TASK TO COMPLETE —
Every record below should be written out exactly; pictures stay out.

ENTRIES SHOWN —
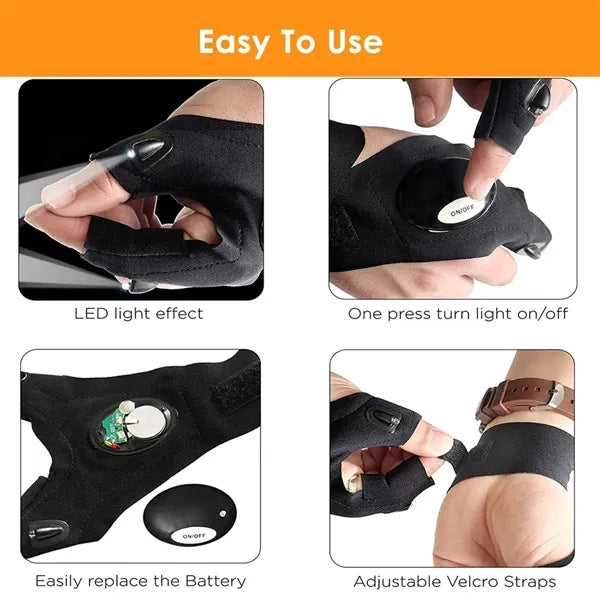 LED Flashlight Gloves Gifts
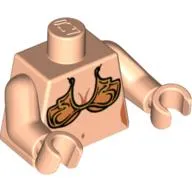 Torso Gold Bikini Print (Princess Leia Slave), Light Nougat Arms and Hands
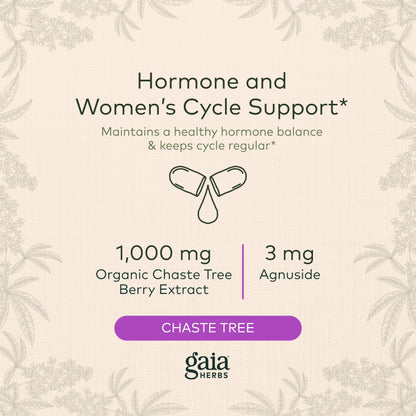 Gaia Herbs Vitex Berry (Chaste Tree) - Supports Hormone Balance & Fertility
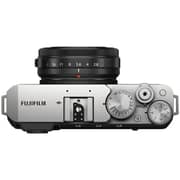 Fujifilm X-E4/XF27KIT Mirrorless Camera Body With XF 27mm F.28 R WR Lens Silver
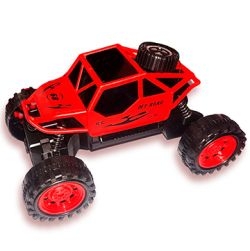 Remote Contol Rock Crawler Car Toy -Plastic Body-Off Road Truck (Red)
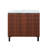 Walnut Oak Modern Free-Standing Bathroom Vanity Set-1534635869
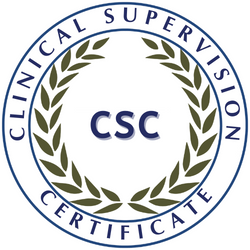 Clinical Supervision Certificate (CSC) badge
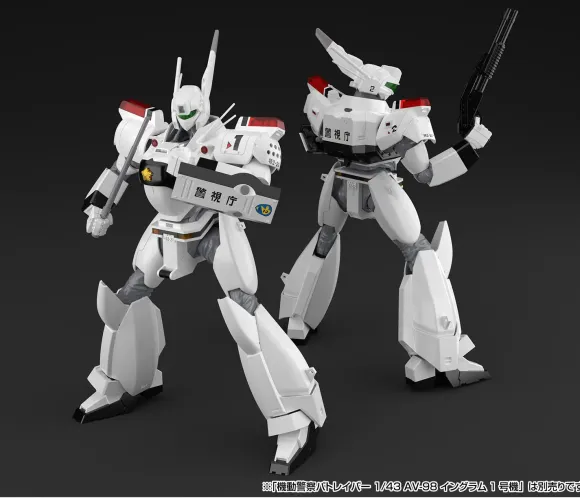1/43 Mobile Police Patlabor AV-98 Ingram 2nd + Special Command Vehicle Type 98
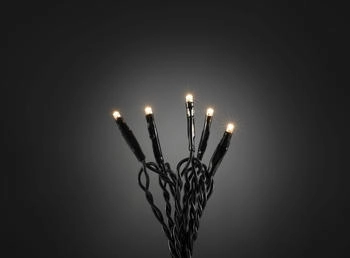 Konstsmide Micro LED Lichterkette 10er warmweiß / grün ein Strang innen 6350-120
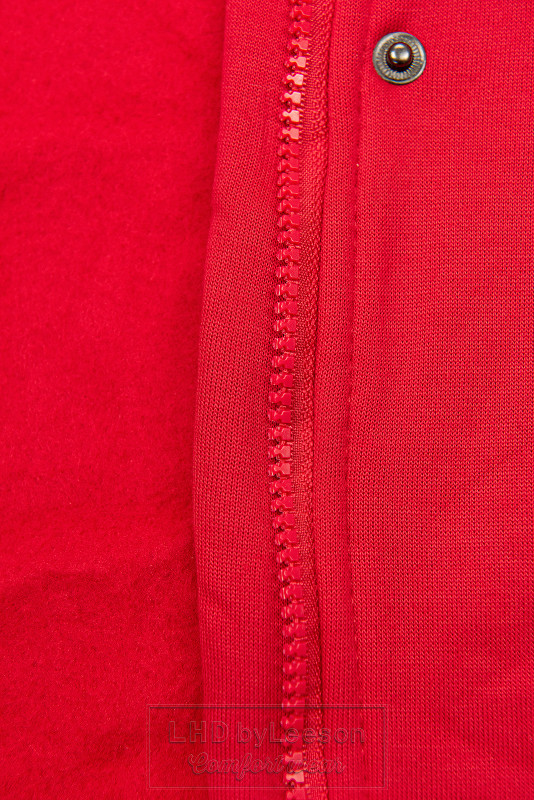 Bluza o wydłużonym fasonie czerwona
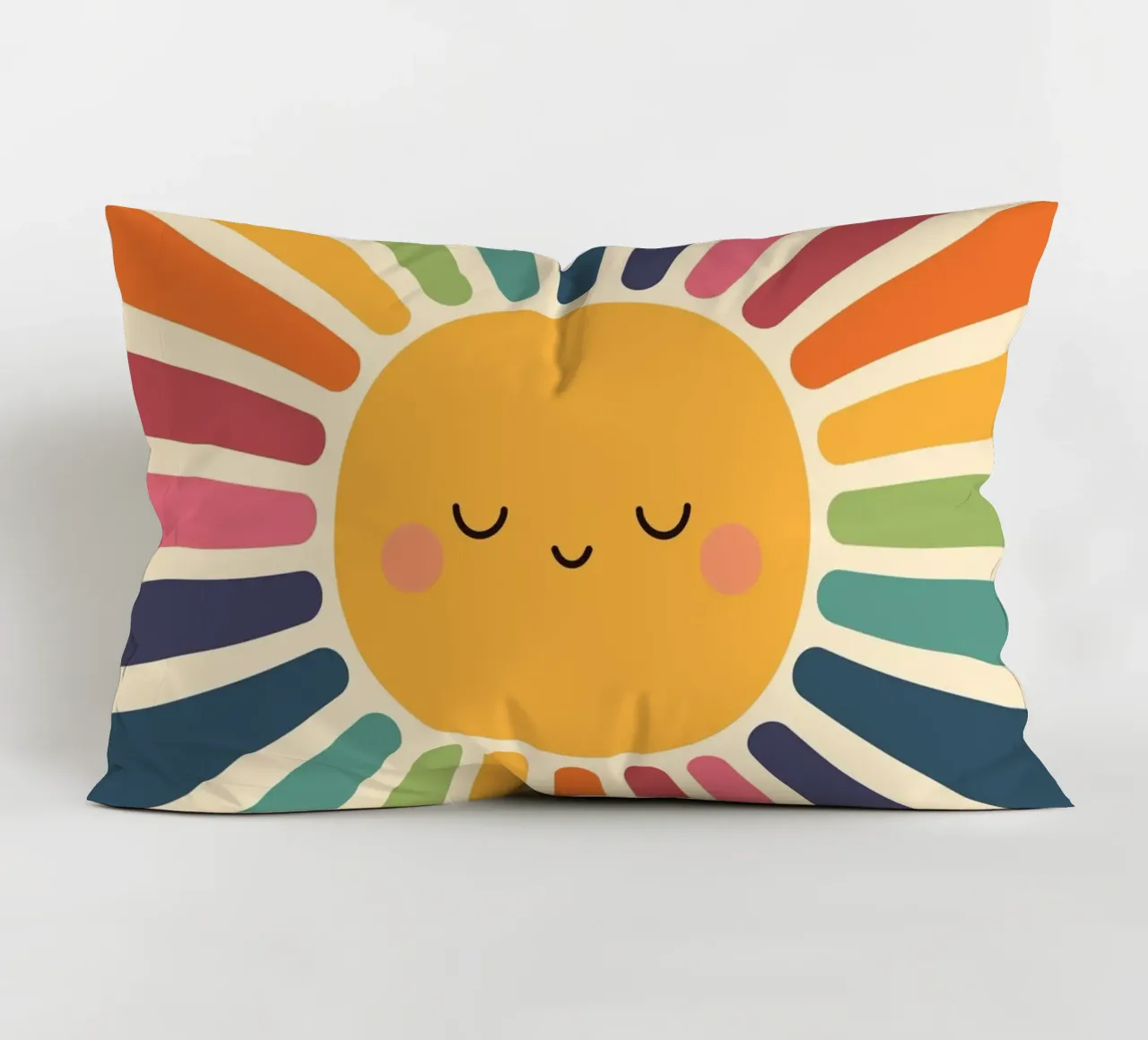 Sorriso solare cuscino da Andy Westface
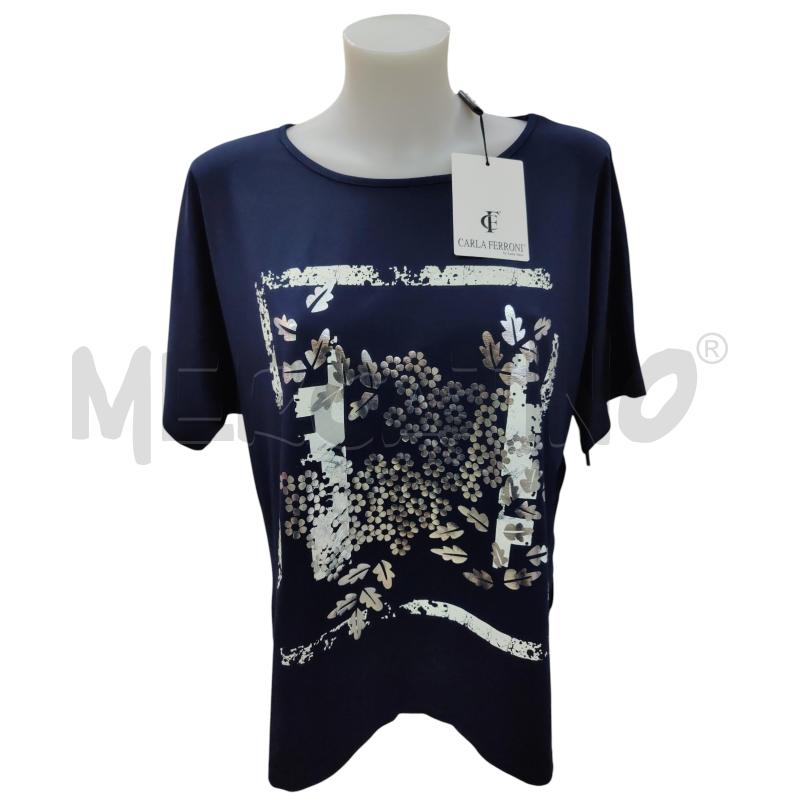 MAGLIA DONNA CARLA FERRONI BLU  | Mercatino dell'Usato Leini' 1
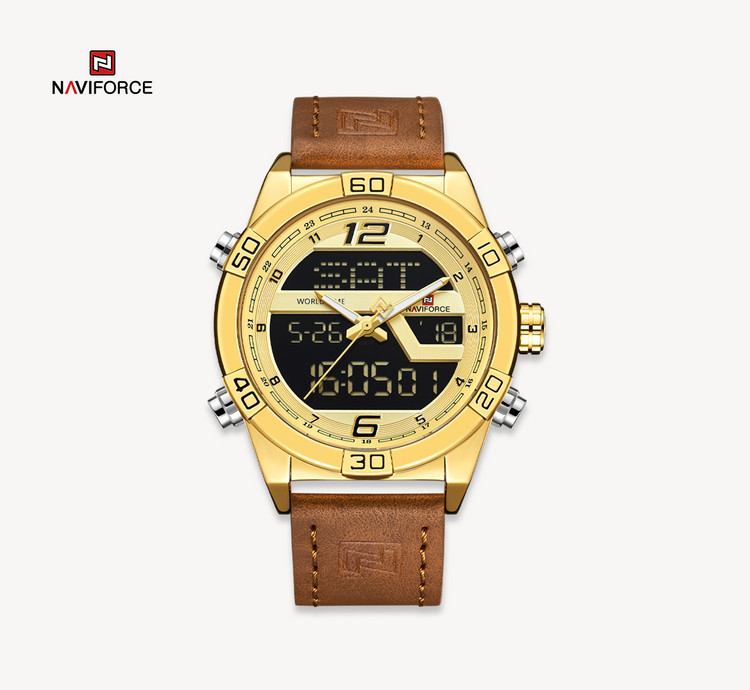 ساعت مچی مردانه نیوی فورس مدل Naviforce 9128 - طلایی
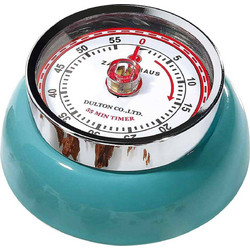 Zassenhaus Χρονόμετρο Κουζίνας Μεταλλικό Retro Collection Speed 7,2x3,5cm 55min Teal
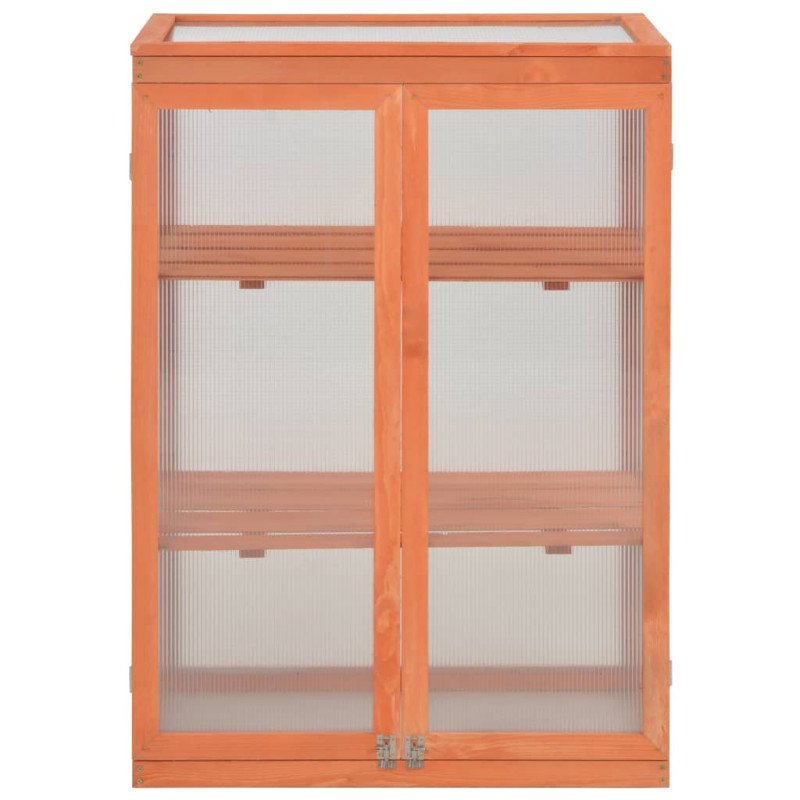 vidaXL Skleník, drevo 75x47x109 cm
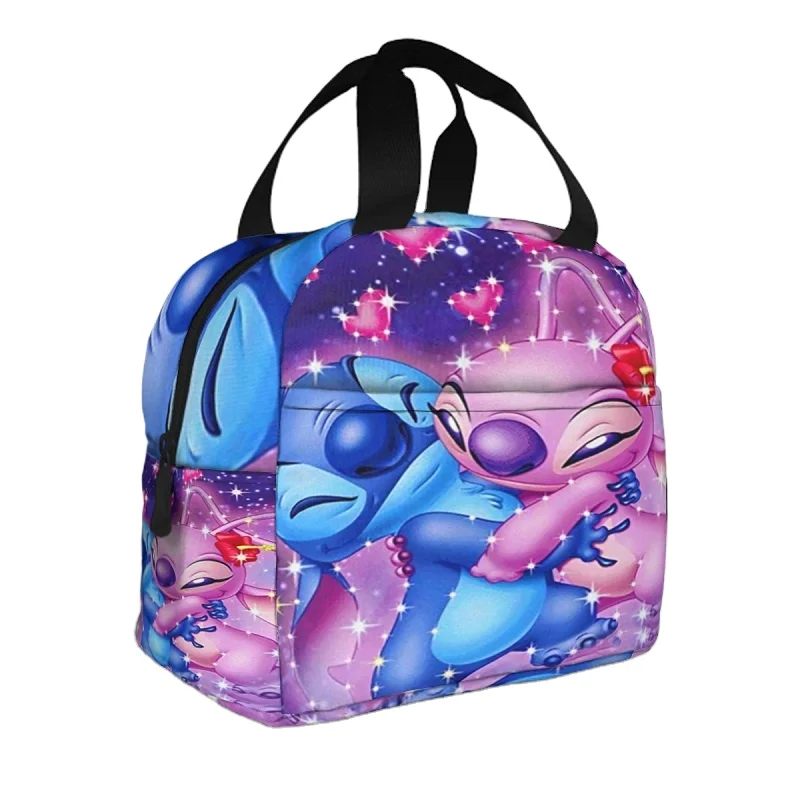 Made in China Stitch Mickey Aluminum Film Preservation Insulation Bag Portable Zipper Storage Bag Waterproof Lunch Food Box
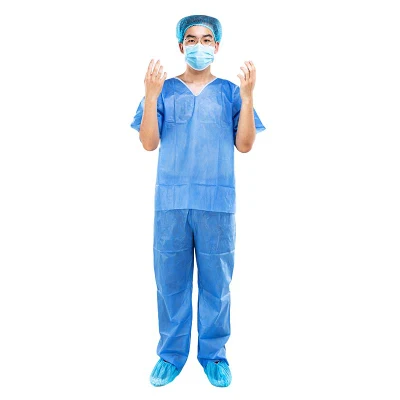 Disposable Medical Scrub Suit for Doctors and Nurses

EXERCISE OUTPUT —
 LED Flashlight Gloves Gifts
 Torso Gold Bikini Print (Princess Leia Slave), Light Nougat Arms and Hands
 Gaia Herbs Vitex Berry (Chaste Tree) - Supports Hormone Balance & Fertility
 Fujifilm X-E4/XF27KIT Mirrorless Camera Body With XF 27mm F.28 R WR Lens Silver
 Remote Contol Rock Crawler Car Toy -Plastic Body-Off Road Truck (Red)
 Walnut Oak Modern Free-Standing Bathroom Vanity Set-1534635869
 Clinical Supervision Certificate (CSC) badge
1/43 Mobile Police Patlabor AV-98 Ingram 2nd + Special Command Vehicle Type 98
 Konstsmide Micro LED Lichterkette 10er warmweiß / grün ein Strang innen 6350-120
 Bluza o wydłużonym fasonie czerwona
 Sorriso solare cuscino da Andy Westface
 MAGLIA DONNA CARLA FERRONI BLU  | Mercatino dell'Usato Leini' 1
 ساعت مچی مردانه نیوی فورس مدل Naviforce 9128 - طلایی
 Zassenhaus Χρονόμετρο Κουζίνας Μεταλλικό Retro Collection Speed 7,2x3,5cm 55min Teal
 vidaXL Skleník, drevo 75x47x109 cm
 Made in China Stitch Mickey Aluminum Film Preservation Insulation Bag Portable Zipper Storage Bag Waterproof Lunch Food Box
 Disposable Medical Scrub Suit for Doctors and Nurses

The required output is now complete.